SignedData ::= SEQUENCE { version CMSVersion, digestAlgorithms DigestAlgorithmIdentifiers, encapContentInfo EncapsulatedContentInfo, certificates [0] IMPLICIT CertificateSet OPTIONAL, crls [1] IMPLICIT RevocationInfoChoices OPTIONAL, signerInfos SignerInfos } SignerInfo ::= SEQUENCE { version CMSVersion, sid SignerIdentifier, digestAlgorithm DigestAlgorithmIdentifier, signedAttrs [0] IMPLICIT SignedAttributes OPTIONAL, signatureAlgorithm SignatureAlgorithmIdentifier, signature SignatureValue, unsignedAttrs [1] IMPLICIT UnsignedAttributes OPTIONAL } SignerIdentifier ::= CHOICE { issuerAndSerialNumber IssuerAndSerialNumber, subjectKeyIdentifier [0] SubjectKeyIdentifier }
The relevant definition is the one for the SignerIdentifier
type. This is a union type between IssuerAndSerialNumber
and SubjectKeyIdentifier
. Essentially, this is saying that we can either identify the signer by means of an IssuerAndSerialNumber
value, or a SubjectKeyIdentifier
value. We'll talk about what each of these means in a minute, but the way they're used by the validator is more or less the same in either case: the validator searches its certificate store until it finds a certificate matching the identifier, and then tries to validate the signature against the public key found in that certificate 3 . The certificates
entry would typically contain all signer's certificates (among other potentially relevant ones).
Note
It's important to observe that the sid
field is not actually part of the portion of the payload that's cryptographically signed. This allows for some flexibility but is also potentially problematic in many cases. This is a large part of the raison d'être for attributes like ESS-signing-certificate
.
The IssuerAndSerialNumber
way
IssuerAndSerialNumber
is defined like this:
IssuerAndSerialNumber ::= SEQUENCE { issuer Name, serialNumber CertificateSerialNumber } CertificateSerialNumber ::= INTEGER
The meaning of IssuerAndSerialNumber
as an identifier is very straightforward: it tells the validator who the issuer of the relevant certificate is, and also mentions the certificate's serial number. Since best practices dictate that a given CA should never issue more than one certificate with a given serial, this should uniquely identify the certificate.
The SubjectKeyIdentifier
way
If you take a look at RFC 5652, you'll notice that the definition of SubjectKeyIdentifier
is simply this:
SubjectKeyIdentifier ::= OCTET STRING
This doesn't say all that much. In an X.509 context, this value is intended to be compared against the value of a certificate's subject key identifier (SKI) extension 4. It's wrong to expect this value to be generated by any particular algorithm, but they're generally derived from the public key by a hashing procedure. See RFC 5280, § 4.2.1.2 for examples.

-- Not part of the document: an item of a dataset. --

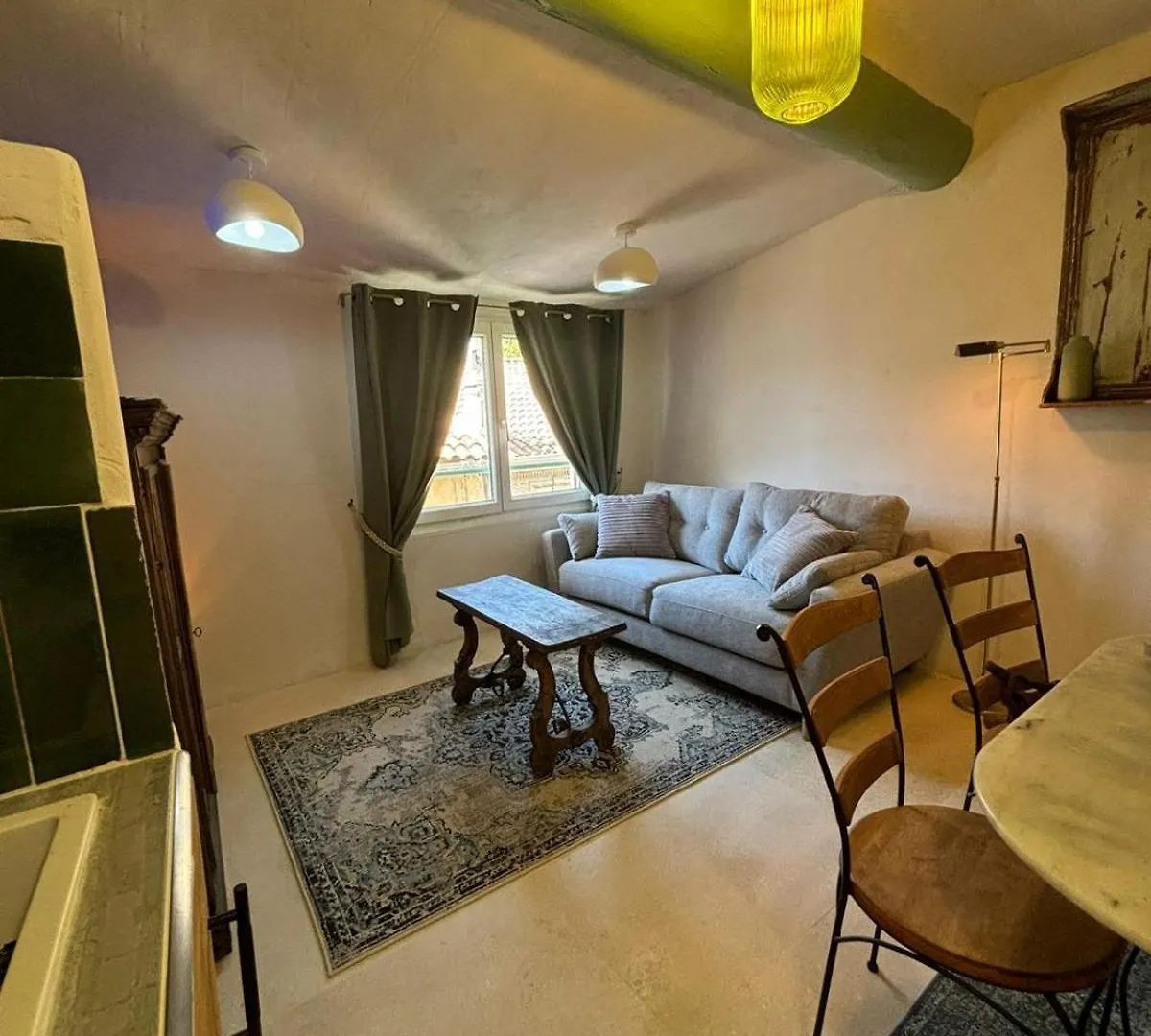 Apartment Appartement Lumineux Avignon Intra-Muros Au Calme France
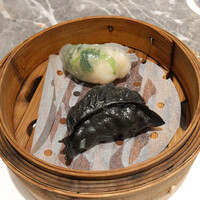 中国料理 新香港 - いかすみ海鮮餃子、えびほうれん草餃子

The advantages of this approach are twofold:
- There's no expectation of global uniqueness for subject key identifiers, so it becomes possible to have a signature validate against more than one signer's certificate. Imagine a scenario where a signer doesn't know ahead of time what certificate will be used to verify their identity.
- It (theoretically) enables the use of CMS-based signatures together with non-X.509 certificates, in particular in a context where there's no
Name
notion around.
Of course, the vast majority of use cases don’t need this kind of flexibility. In fact, many common workflows actually benefit from having the signature pinned to one uniquely determined X.509 certificate. While the additional expressivity afforded by SubjectKeyIdentifier
is in no way incompatible with any of that, sticking with IssuerAndSerialNumber
is still a good default choice.
What about PDF?
The reality
The CMS specification requires validators to implement support for both alternatives (see RFC 5652, § 5.3). This requirement has been part of CMS since 2002, and since both parts of ISO 32000 normatively cite CMS for signature generation, it would seem logical for PDF signature validators to support both alternatives.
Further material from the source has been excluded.